I was reading the Malcolm Gladwell take on the Jobs biography and came across this little gem --
One of the great puzzles of the industrial revolution is why it began in England. Why not France, or Germany? Many reasons have been offered. Britain had plentiful supplies of coal, for instance. It had a good patent system in place. It had relatively high labor costs, which encouraged the search for labor-saving innovations. In an article published earlier this year, however, the economists Ralf Meisenzahl and Joel Mokyr focus on a different explanation: the role of Britain’s human-capital advantage—in particular, on a group they call “tweakers.” They believe that Britain dominated the industrial revolution because it had a far larger population of skilled engineers and artisans than its competitors: resourceful and creative men who took the signature inventions of the industrial age and tweaked them—refined and perfected them, and made them work.

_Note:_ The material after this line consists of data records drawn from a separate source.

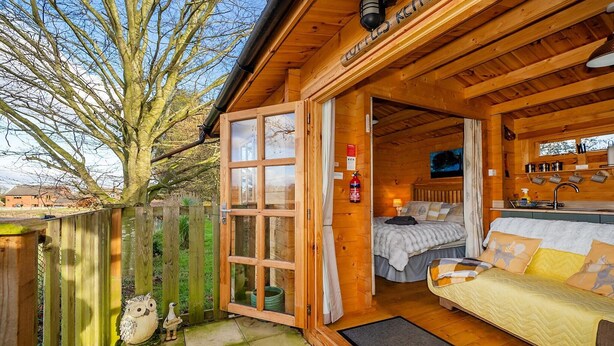 Een gezellig blokhut met houten gevel, een grote openslaande deur naar een slaapkamer met een bed en een bank, en een kleine keukenhoek.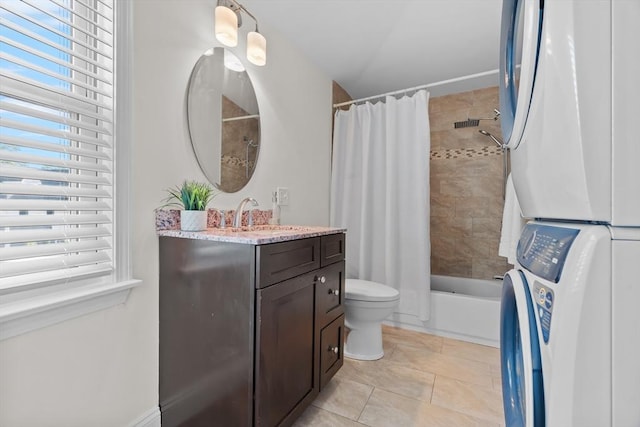 31-33 New Ocean St, Swampscott, MA 01907 - bathroom with stacked washing machine and dryer, vanity, and shower / bath combo with shower curtain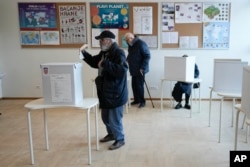 A man casts his ballot during presidential elections, at a polling station in Zagreb, Croatia, Dec. 29, 2024.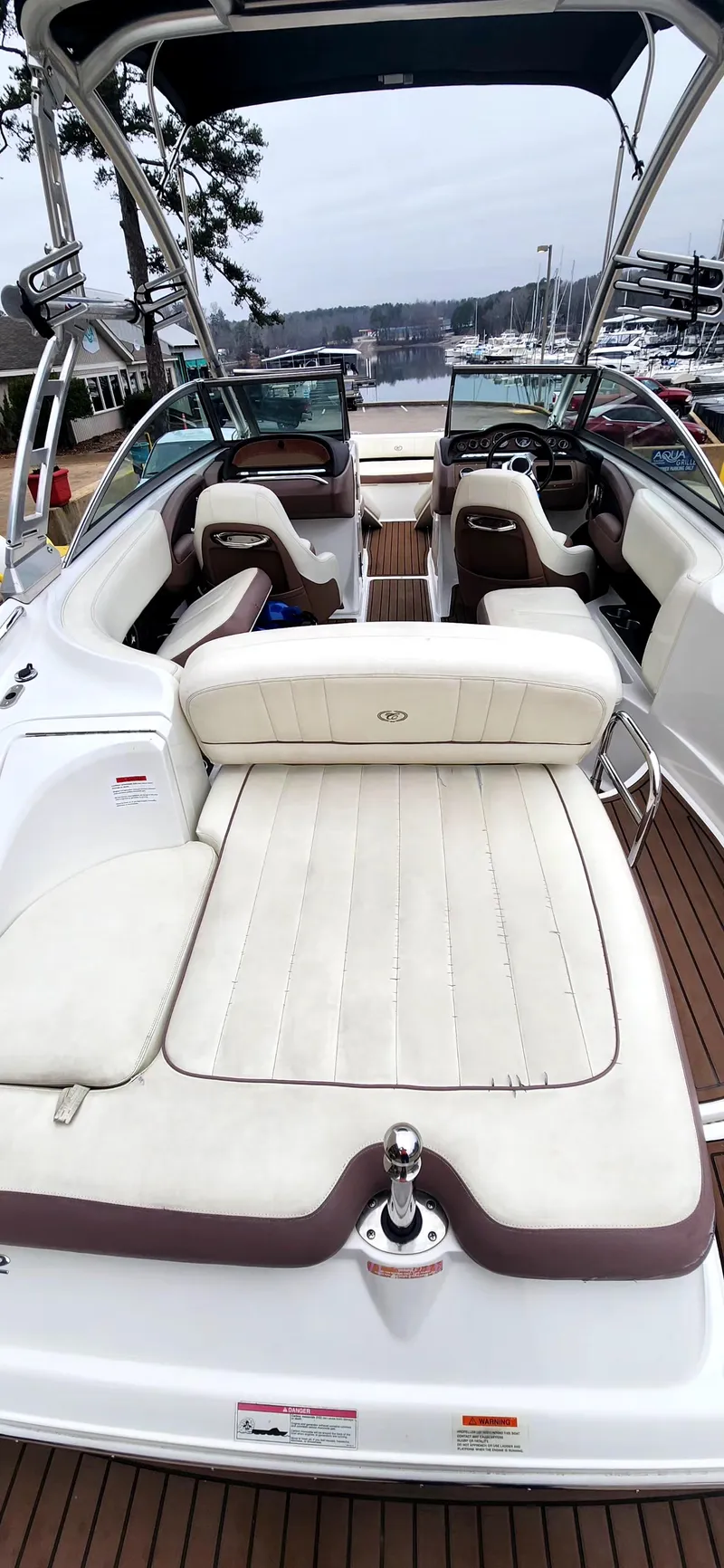 Slide: The Image of 2011 Cobalt 242 boat with white seating and wooden deck, docked at a marina. - 8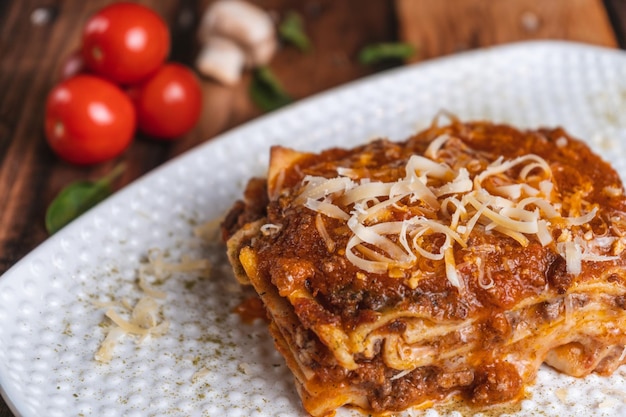 Fotografia de Lasagna en una mesa de madera con ingredientses frescos, 유리 우가르테 세스페데스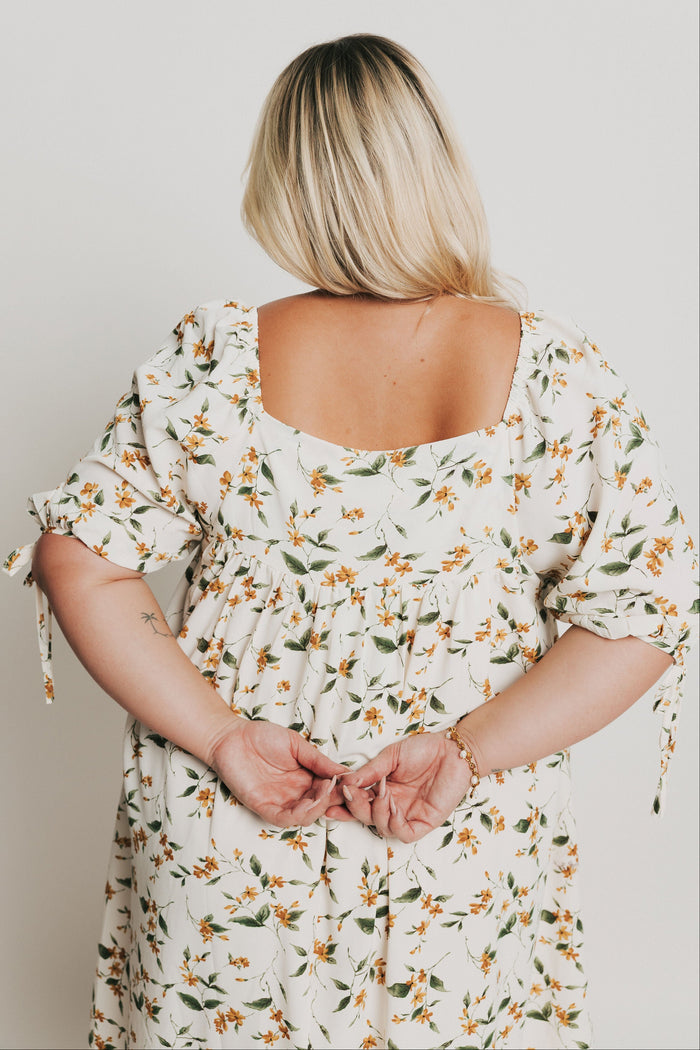 knee length floral dress with square neck and puff sleeves back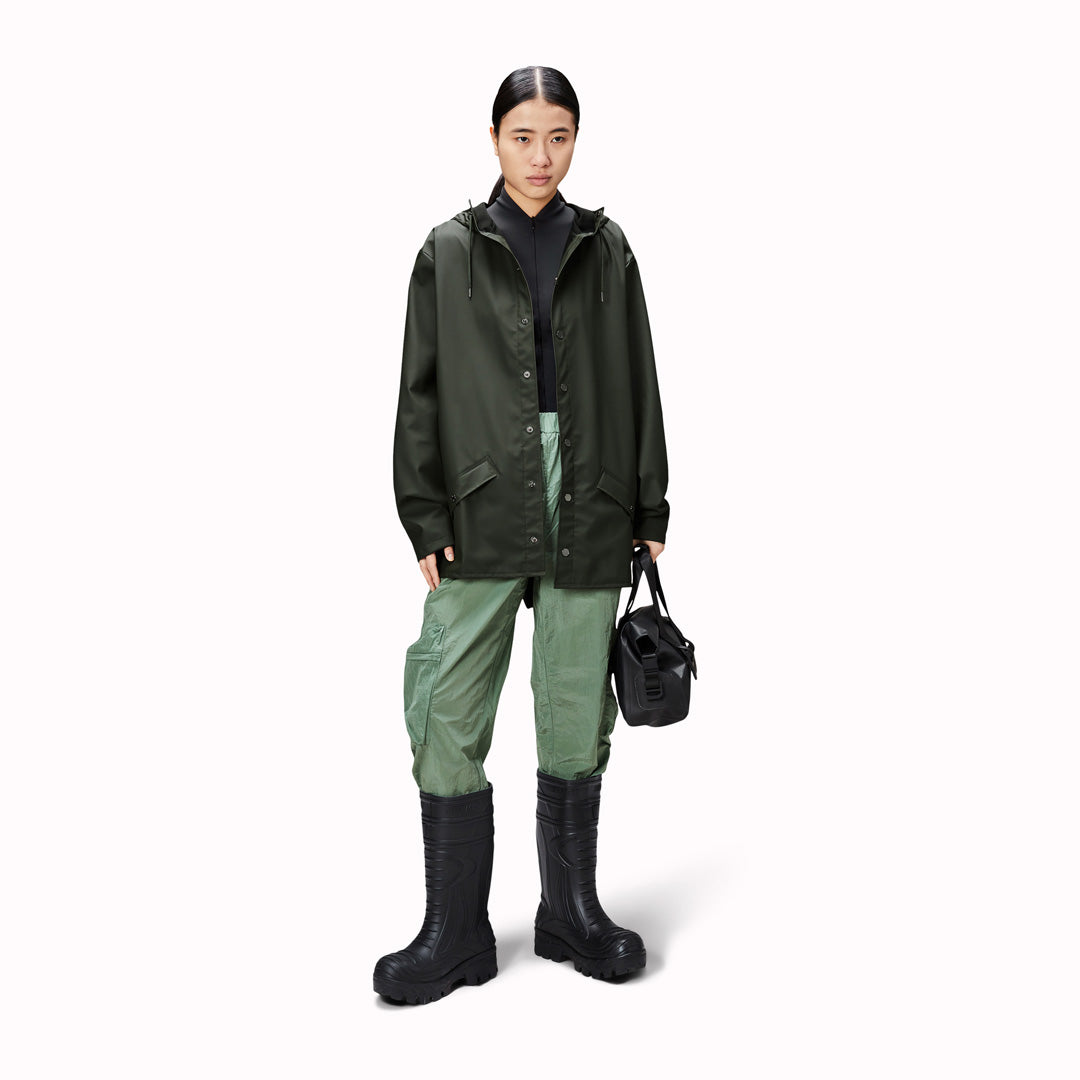 Contemporary unisex rain jacket from Danish Outerwear and Lifestyle company Rains. This green jacket is characterized by a minimal silhouette with high functionality.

Did you catch that bit in the middle (highlights/bold are mine). I was suddenly reminded of a bajillion graphs I've seen recently, including but not limited, to this one:
What if the problem with current innovation is that there's a "release valve" for it? That is to say, because workers are paid so little (in the US and elsewhere), there's not a pressure to reduce the number of them, so innovation is depressed?
I'm not looking to drive people out of work, but when labor costs are high, there's an inherent desire to make your processes more efficient so you can cut those costs. But the other half of that is that it takes far less capital to get your new businesses going, which means more people can do cool things.